Law instructor Olanike Adelakun described Prof. Olowu as “more of a father.”
AVP of Human Resources & Planning, Nourah Bamalli, spoke of how Prof. Olowu earned himself an ‘A’ after his espousal of the alternative dispute resolution (ADR) concept, which he said he would bring into the AUN Law program.
“Through ADR, he would alter the concept of Law studies and practice in our country. At that time, I thought it was going to be an impossible task. But here we are today. This is something great he is leaving behind.”
Dr. David Adetoro of the School of Law said Prof. Olowu was both a teacher and administrator “who carried all faculty members along.”
A third-year Law student, Oluwafunmilayo Mary Bankole, described the outgoing dean as a great source of encouragement.
Secretary to the Board, Barrister Idi Ali, paid glowing tributes to Professor Olowu, whom he noted represented the legal profession creditably, academically and character-wise. “A lawyer without character,” Barrister Idi said, “is a waste of legal training.”
SBE Dean, Professor Attahir Yusuf, applauded Prof. Olowu as an inspiration to everyone around him.
VP Academic Affairs & Provost, Prof. Muhammadou Kah, described him as a committed leader.
“You have lived up to expectations by providing the requisite intellectual leadership, facilitating our learning community to realize our vision for high-quality legal education that exceeds the established requirements of the regulators while accommodating the unique founding of AUN as a liberal art, committed university.”
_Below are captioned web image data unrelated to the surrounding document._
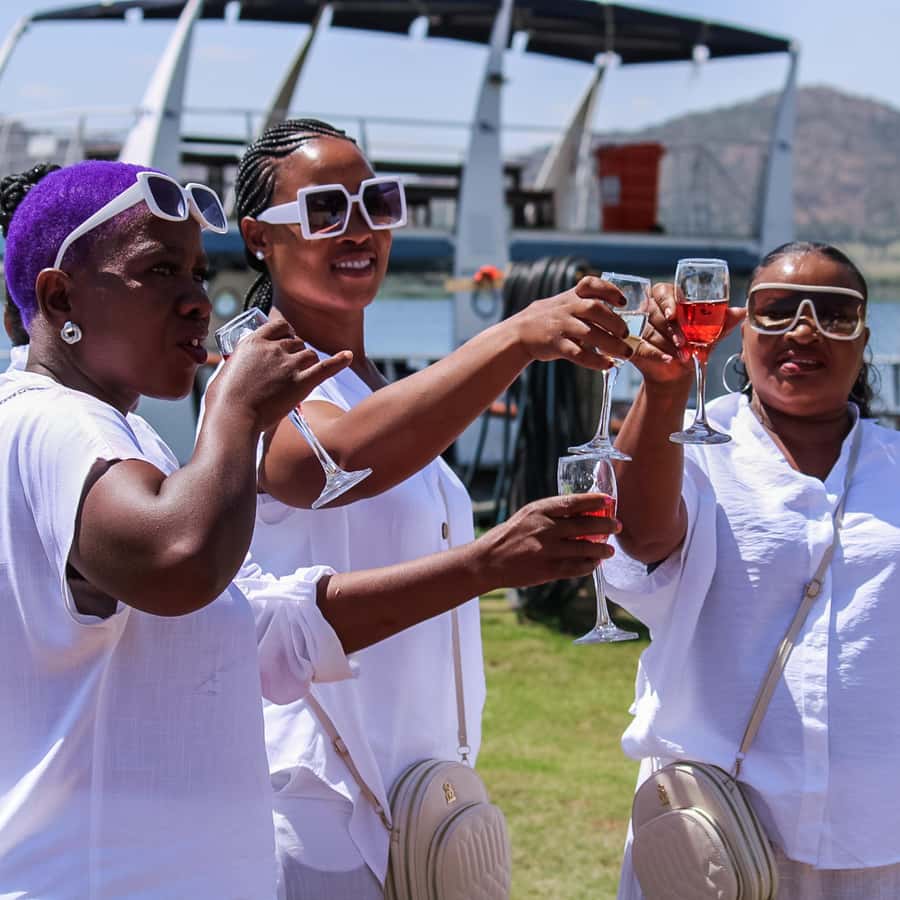 Hartbeespoort Dam: 1 Hour Standard Scenic Boat Cruise - Departing from Kommando Nek Resort
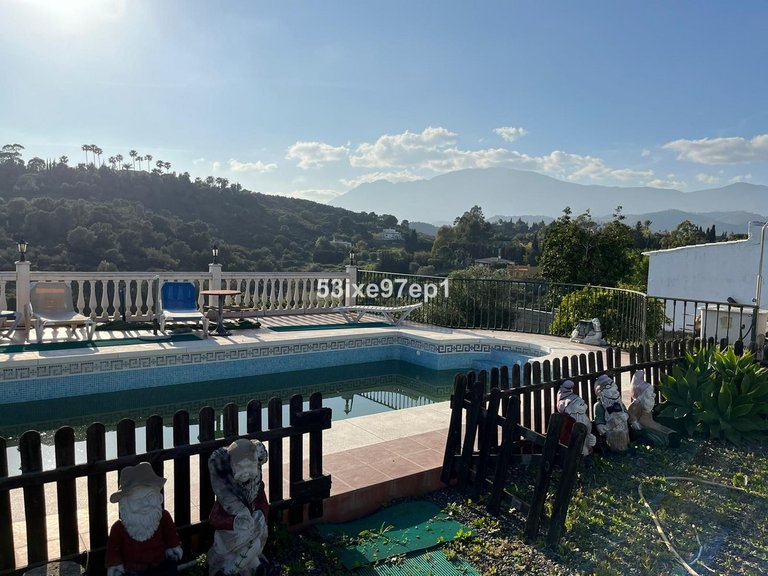 Villa for Sale in Estepona, Malaga 3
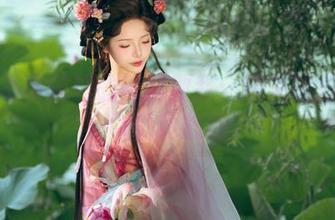 雯妹不讲道理的照片教我：原来旅拍也可以低调炫酷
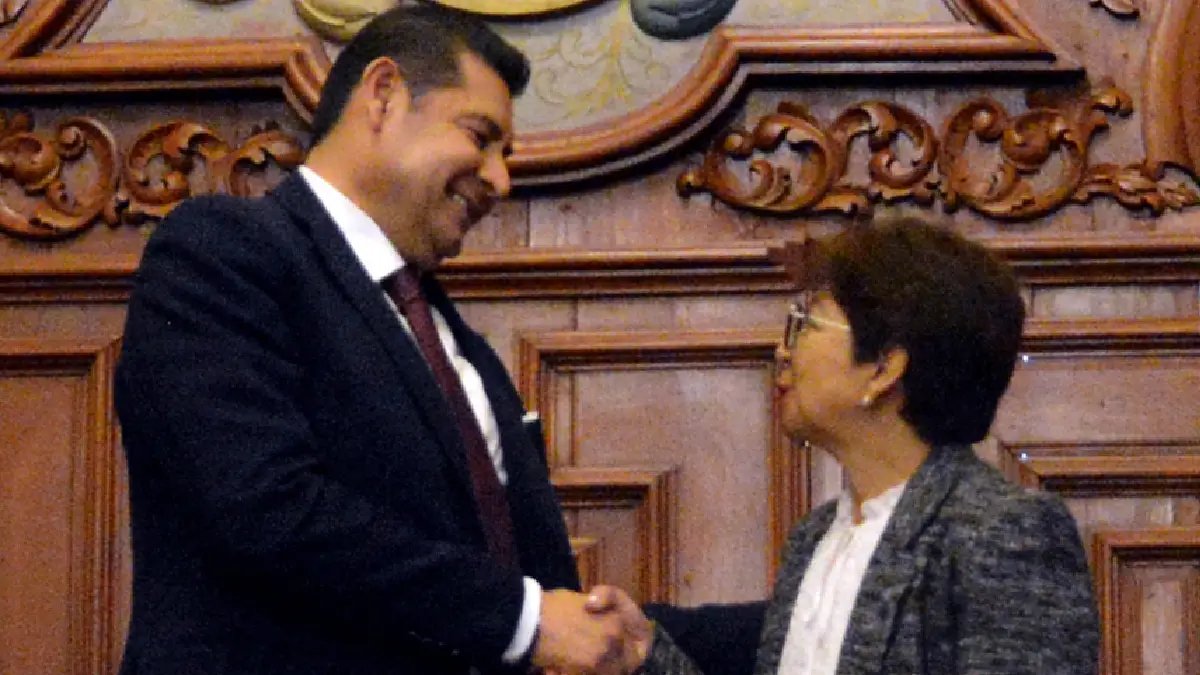 El candidato al gobierno del estado por la coalición Sigamos Haciendo Historia presenta su plan de trabajo ante el H. Consejo Universitario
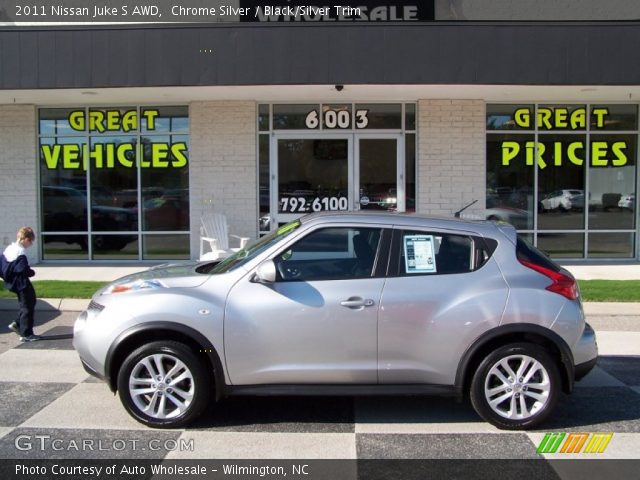 2011 Nissan Juke S AWD in Chrome Silver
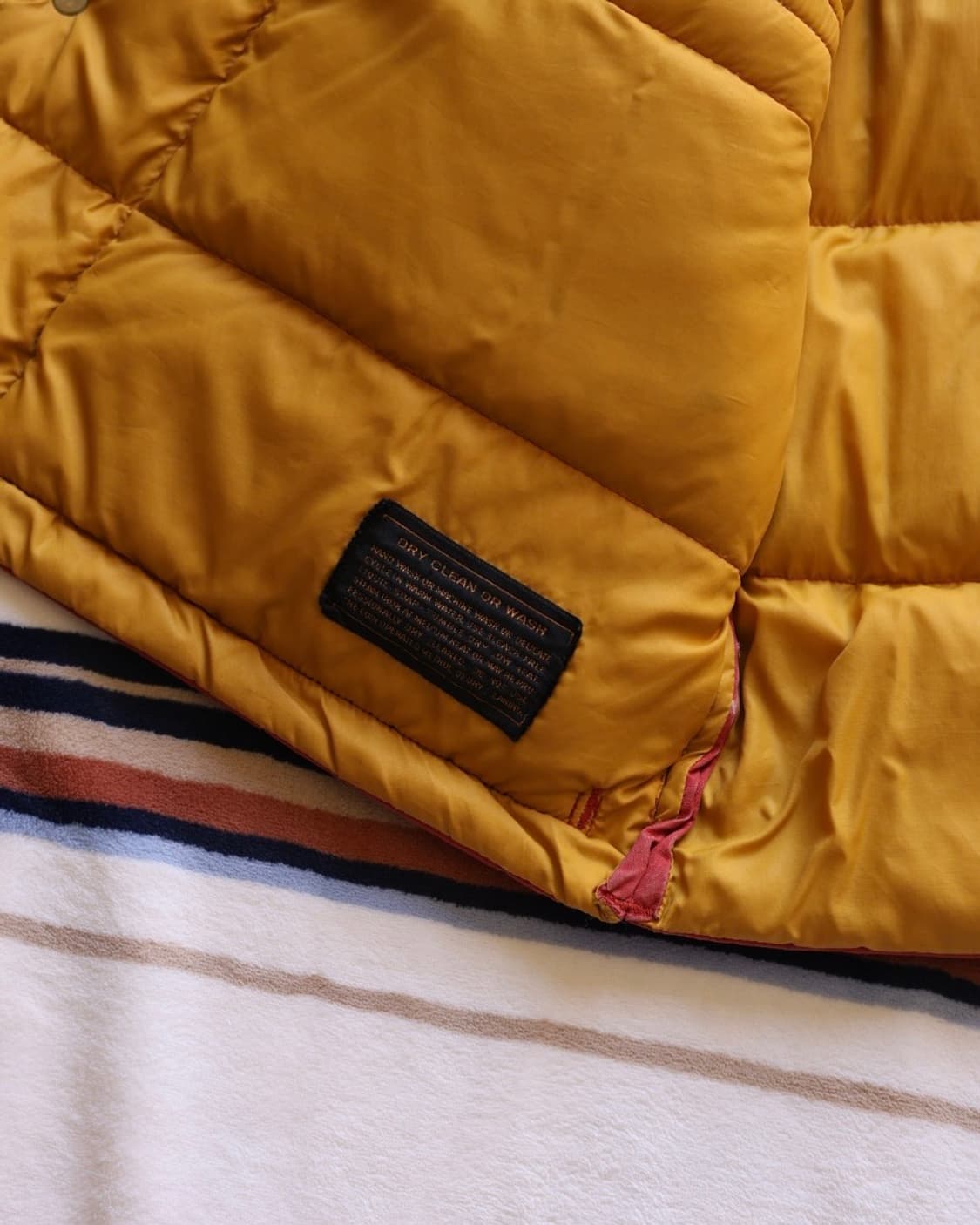 에디바우어 70s 선페이드 카라코람 다운 베스트 상품이미지9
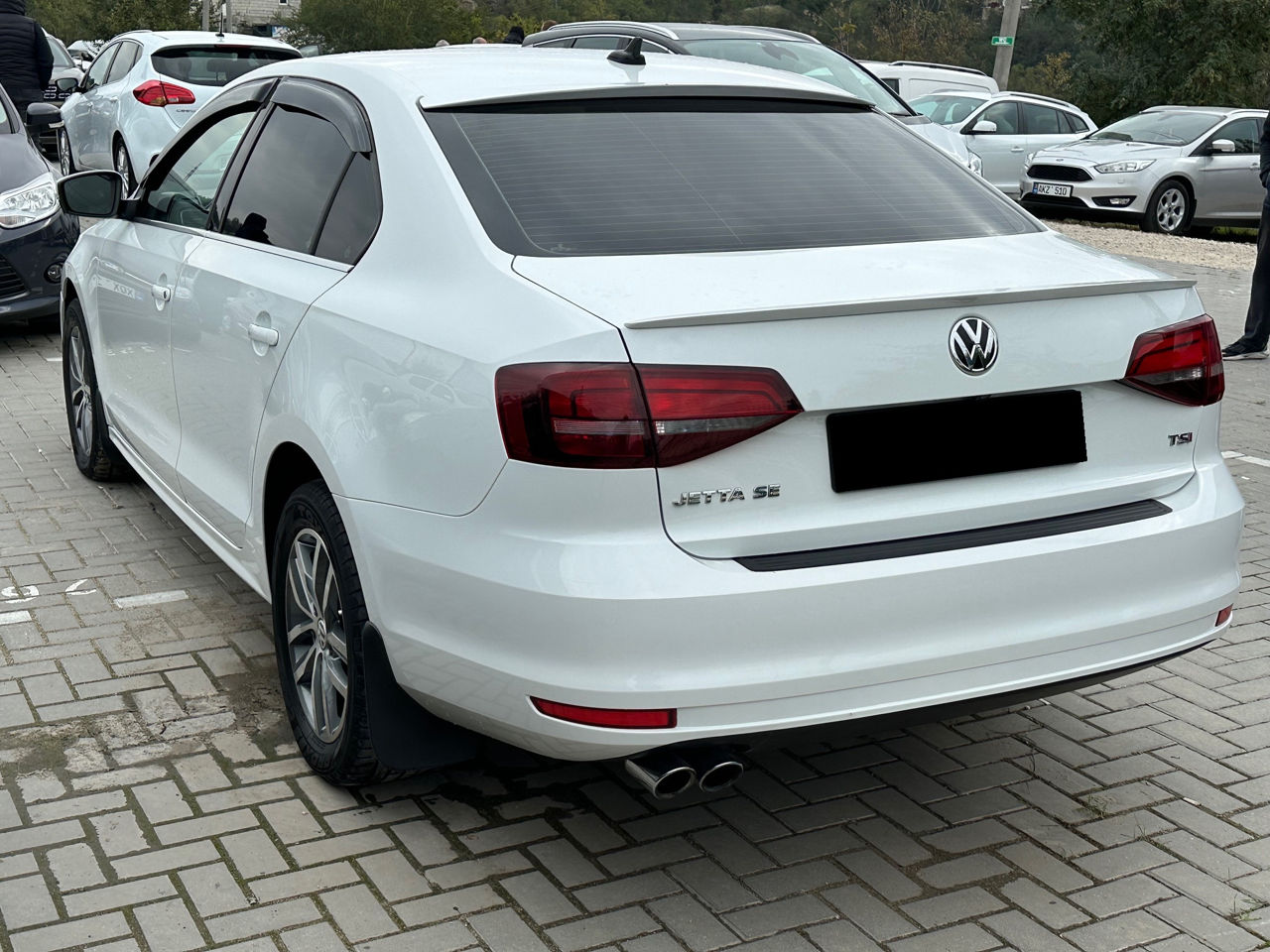 Volkswagen Jetta foto 2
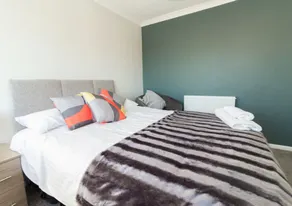 Hemingway Drive Serviced Accomodation - Image 3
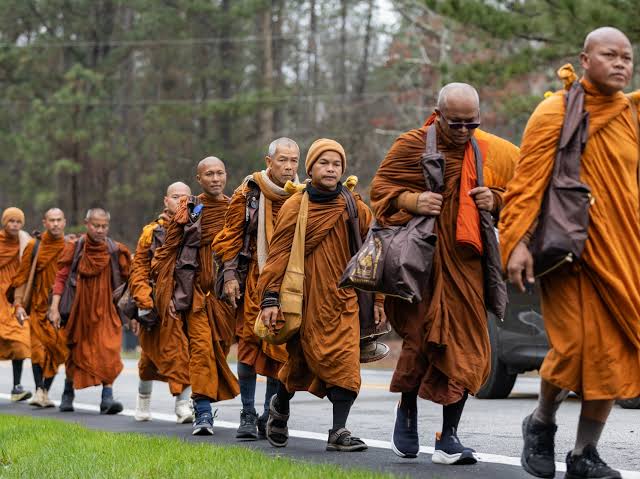 Буддын лам нар "Энхийн алхалт"-аа амжилттай өндөрлөлөө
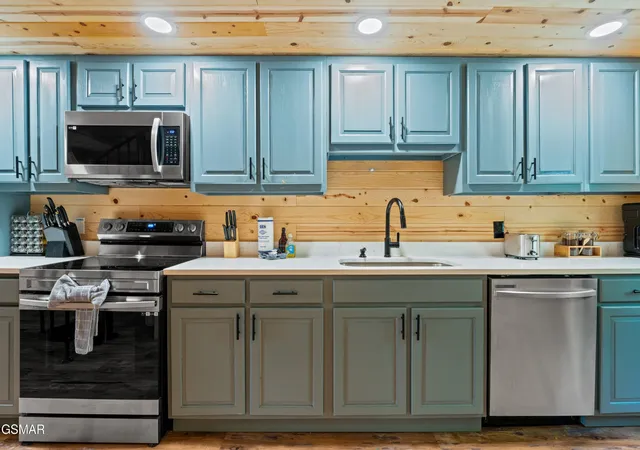 Photo 4 of Single family home for sale at 1146 Pine Mountain Rd, Sevierville, TN 37862 | MLS# 3591787 | Listing updated on 2026-09-21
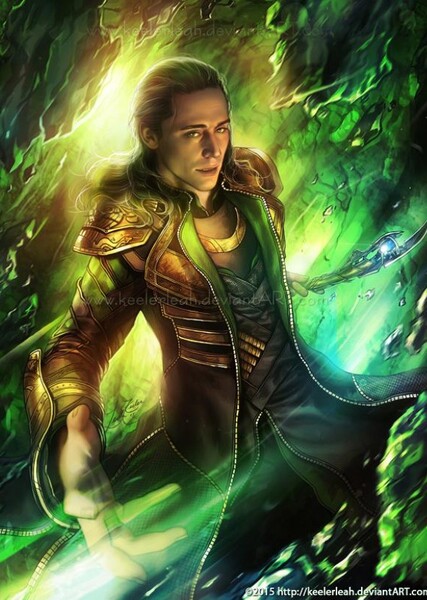 Tom Hiddleston photo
He said Professor Olowu is counted among those who do their best to uplift the University’s learning community.
Before the farewell cake cutting, the outgoing dean waxed philosophical, describing his assignment at AUN as a “time-bound job.” It was best to leave so that better hands could build on the existing structures.”
He assured the gathering that the School of Law would live and asked all to give his successor the necessary support to carry on.
“The structures are there. The system will run. We built on an institution, not a personality. This was not about Dejo Olowu; it was about an enduring and sustainable program that will stand shoulder to shoulder, if not a shoulder above the competition.”
To every student who comes to the AUN School of Law, he said, “You've got a lifetime referee. All you need to do is connect with me, whether it is for scholarships, studies, or jobs. Professor Olowu will be your number one referee.”